Estimate Turkey property transfer taxes and fees before you buy.

Computes Turkey's property acquisition costs — the 4% Tapu harci title-deed fee split between buyer and seller, VAT on new builds at 1/10/20%, and the registry revolving-fund fee — to show the total a buyer pays.

What is Tapu harci?

Tapu harci is Turkey's title-deed transfer fee charged when property ownership changes at the land registry. It is 4% of the declared sale value in total. By law it is split equally, 2% from the buyer and 2% from the seller, although in practice buyers often agree to cover the full 4%.

The Turkey Stamp Duty / Transfer Tax Calculator estimates what it costs to take title to a Turkish property. The headline charge is the Tapu harci — a 4% title-deed fee levied at the land registry — and for new builds there is also VAT (KDV). The tool shows each party’s share and the total a buyer should budget for.

How it works

The Tapu harci is 4% of the value declared at the registry. By law it splits 2% buyer + 2% seller, but because parties frequently agree the buyer pays the whole 4%, the tool lets you choose. The declared value cannot be lower than the municipal assessed value (emlak rayic bedeli), so it should match the real sale price.

For new-build homes bought from a developer, VAT applies on top, at 1%, 10% or 20% depending on the property’s size and type. Resale homes sold between individuals carry no VAT, so the tool drops it entirely for second-hand purchases. A small revolving-fund registry fee rounds out the buyer’s total.

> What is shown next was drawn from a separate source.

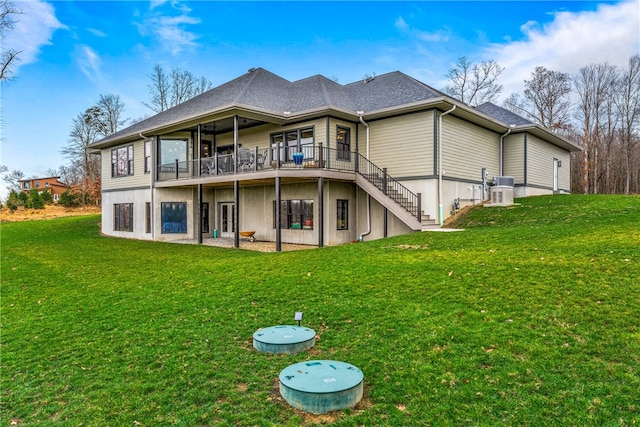 back of house with a deck and a lawn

Buyer total = buyer’s share of the 4% Tapu harci + VAT on a new build + the registry fee.

Example and notes

On a 3,000,000 TRY resale home, the total Tapu harci is 3,000,000 × 4% = 120,000 TRY. Split the default way, buyer and seller each pay 60,000 TRY; if the buyer covers the full fee they pay 120,000 TRY. A new build at the same value with 20% VAT would add 600,000 TRY of KDV on top.

This is an estimate. Rates and VAT bands change, foreign buyers face extra valuation and currency rules, and notary costs vary. Confirm the current figures with a notary or land-registry office before completing.